**What needs to be done**: Faithfully repeat all of the records, as they are written below.

**Source records**:

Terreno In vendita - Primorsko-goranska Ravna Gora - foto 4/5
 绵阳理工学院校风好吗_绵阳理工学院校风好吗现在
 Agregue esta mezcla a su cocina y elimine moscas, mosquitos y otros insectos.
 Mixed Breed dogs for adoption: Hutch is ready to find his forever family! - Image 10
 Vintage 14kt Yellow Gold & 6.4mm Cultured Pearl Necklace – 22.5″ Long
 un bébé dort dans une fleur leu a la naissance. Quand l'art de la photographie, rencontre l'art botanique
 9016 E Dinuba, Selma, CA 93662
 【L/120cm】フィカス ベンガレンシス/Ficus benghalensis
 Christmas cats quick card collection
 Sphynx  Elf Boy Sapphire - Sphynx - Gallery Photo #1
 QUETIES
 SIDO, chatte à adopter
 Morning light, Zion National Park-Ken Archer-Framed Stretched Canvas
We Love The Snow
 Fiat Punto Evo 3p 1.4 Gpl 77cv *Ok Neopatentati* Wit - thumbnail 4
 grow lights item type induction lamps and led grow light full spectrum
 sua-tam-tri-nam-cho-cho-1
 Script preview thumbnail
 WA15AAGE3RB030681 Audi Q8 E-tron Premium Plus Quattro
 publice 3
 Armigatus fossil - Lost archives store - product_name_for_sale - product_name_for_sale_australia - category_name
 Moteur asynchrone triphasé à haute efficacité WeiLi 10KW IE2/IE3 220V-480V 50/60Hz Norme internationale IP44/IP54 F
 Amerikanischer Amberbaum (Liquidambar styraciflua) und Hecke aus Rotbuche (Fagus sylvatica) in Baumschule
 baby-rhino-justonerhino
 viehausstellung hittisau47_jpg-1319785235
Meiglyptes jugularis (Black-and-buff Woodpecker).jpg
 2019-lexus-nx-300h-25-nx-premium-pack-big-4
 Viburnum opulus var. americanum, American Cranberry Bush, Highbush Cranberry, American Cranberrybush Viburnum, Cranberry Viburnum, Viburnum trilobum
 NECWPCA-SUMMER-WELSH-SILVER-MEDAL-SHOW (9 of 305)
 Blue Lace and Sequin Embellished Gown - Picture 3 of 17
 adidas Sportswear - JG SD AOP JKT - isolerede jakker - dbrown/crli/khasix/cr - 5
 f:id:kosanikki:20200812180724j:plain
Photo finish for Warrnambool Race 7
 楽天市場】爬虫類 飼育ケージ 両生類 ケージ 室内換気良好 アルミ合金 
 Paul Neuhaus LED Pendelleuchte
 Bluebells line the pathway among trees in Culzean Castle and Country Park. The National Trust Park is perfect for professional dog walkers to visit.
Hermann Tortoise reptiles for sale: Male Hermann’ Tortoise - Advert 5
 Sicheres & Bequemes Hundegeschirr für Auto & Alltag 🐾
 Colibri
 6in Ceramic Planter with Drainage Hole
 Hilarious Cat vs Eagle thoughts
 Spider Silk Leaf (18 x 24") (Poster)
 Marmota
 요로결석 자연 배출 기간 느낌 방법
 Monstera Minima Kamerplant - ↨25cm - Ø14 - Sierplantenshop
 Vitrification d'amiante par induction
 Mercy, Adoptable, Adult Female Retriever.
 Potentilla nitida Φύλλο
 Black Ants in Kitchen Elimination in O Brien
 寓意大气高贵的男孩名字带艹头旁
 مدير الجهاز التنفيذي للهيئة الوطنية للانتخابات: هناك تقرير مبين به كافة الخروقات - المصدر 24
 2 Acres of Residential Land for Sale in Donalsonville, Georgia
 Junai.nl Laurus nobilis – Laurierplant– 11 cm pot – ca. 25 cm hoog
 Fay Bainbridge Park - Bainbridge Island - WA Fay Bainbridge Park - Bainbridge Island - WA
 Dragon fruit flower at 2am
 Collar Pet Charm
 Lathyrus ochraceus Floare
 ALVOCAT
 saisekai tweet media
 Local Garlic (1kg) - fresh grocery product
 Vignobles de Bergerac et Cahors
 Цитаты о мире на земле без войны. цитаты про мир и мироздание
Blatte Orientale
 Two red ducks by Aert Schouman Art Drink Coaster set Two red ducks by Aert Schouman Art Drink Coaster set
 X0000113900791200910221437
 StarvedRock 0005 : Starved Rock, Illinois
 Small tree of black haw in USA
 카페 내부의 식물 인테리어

**Answer to this exercise**:
Terreno In vendita - Primorsko-goranska Ravna Gora - foto 4/5
 绵阳理工学院校风好吗_绵阳理工学院校风好吗现在
 Agregue esta mezcla a su cocina y elimine moscas, mosquitos y otros insectos.
 Mixed Breed dogs for adoption: Hutch is ready to find his forever family! - Image 10
 Vintage 14kt Yellow Gold & 6.4mm Cultured Pearl Necklace – 22.5″ Long
 un bébé dort dans une fleur leu a la naissance. Quand l'art de la photographie, rencontre l'art botanique
 9016 E Dinuba, Selma, CA 93662
 【L/120cm】フィカス ベンガレンシス/Ficus benghalensis
 Christmas cats quick card collection
 Sphynx  Elf Boy Sapphire - Sphynx - Gallery Photo #1
 QUETIES
 SIDO, chatte à adopter
 Morning light, Zion National Park-Ken Archer-Framed Stretched Canvas
We Love The Snow
 Fiat Punto Evo 3p 1.4 Gpl 77cv *Ok Neopatentati* Wit - thumbnail 4
 grow lights item type induction lamps and led grow light full spectrum
 sua-tam-tri-nam-cho-cho-1
 Script preview thumbnail
 WA15AAGE3RB030681 Audi Q8 E-tron Premium Plus Quattro
 publice 3
 Armigatus fossil - Lost archives store - product_name_for_sale - product_name_for_sale_australia - category_name
 Moteur asynchrone triphasé à haute efficacité WeiLi 10KW IE2/IE3 220V-480V 50/60Hz Norme internationale IP44/IP54 F
 Amerikanischer Amberbaum (Liquidambar styraciflua) und Hecke aus Rotbuche (Fagus sylvatica) in Baumschule
 baby-rhino-justonerhino
 viehausstellung hittisau47_jpg-1319785235
Meiglyptes jugularis (Black-and-buff Woodpecker).jpg
 2019-lexus-nx-300h-25-nx-premium-pack-big-4
 Viburnum opulus var. americanum, American Cranberry Bush, Highbush Cranberry, American Cranberrybush Viburnum, Cranberry Viburnum, Viburnum trilobum
 NECWPCA-SUMMER-WELSH-SILVER-MEDAL-SHOW (9 of 305)
 Blue Lace and Sequin Embellished Gown - Picture 3 of 17
 adidas Sportswear - JG SD AOP JKT - isolerede jakker - dbrown/crli/khasix/cr - 5
 f:id:kosanikki:20200812180724j:plain
Photo finish for Warrnambool Race 7
 楽天市場】爬虫類 飼育ケージ 両生類 ケージ 室内換気良好 アルミ合金 
 Paul Neuhaus LED Pendelleuchte
 Bluebells line the pathway among trees in Culzean Castle and Country Park. The National Trust Park is perfect for professional dog walkers to visit.
Hermann Tortoise reptiles for sale: Male Hermann’ Tortoise - Advert 5
 Sicheres & Bequemes Hundegeschirr für Auto & Alltag 🐾
 Colibri
 6in Ceramic Planter with Drainage Hole
 Hilarious Cat vs Eagle thoughts
 Spider Silk Leaf (18 x 24") (Poster)
 Marmota
 요로결석 자연 배출 기간 느낌 방법
 Monstera Minima Kamerplant - ↨25cm - Ø14 - Sierplantenshop
 Vitrification d'amiante par induction
 Mercy, Adoptable, Adult Female Retriever.
 Potentilla nitida Φύλλο
 Black Ants in Kitchen Elimination in O Brien
 寓意大气高贵的男孩名字带艹头旁
 مدير الجهاز التنفيذي للهيئة الوطنية للانتخابات: هناك تقرير مبين به كافة الخروقات - المصدر 24
 2 Acres of Residential Land for Sale in Donalsonville, Georgia
 Junai.nl Laurus nobilis – Laurierplant– 11 cm pot – ca. 25 cm hoog
 Fay Bainbridge Park - Bainbridge Island - WA Fay Bainbridge Park - Bainbridge Island - WA
 Dragon fruit flower at 2am
 Collar Pet Charm
 Lathyrus ochraceus Floare
 ALVOCAT
 saisekai tweet media
 Local Garlic (1kg) - fresh grocery product
 Vignobles de Bergerac et Cahors
 Цитаты о мире на земле без войны. цитаты про мир и мироздание
Blatte Orientale
 Two red ducks by Aert Schouman Art Drink Coaster set Two red ducks by Aert Schouman Art Drink Coaster set
 X0000113900791200910221437
 StarvedRock 0005 : Starved Rock, Illinois
 Small tree of black haw in USA
 카페 내부의 식물 인테리어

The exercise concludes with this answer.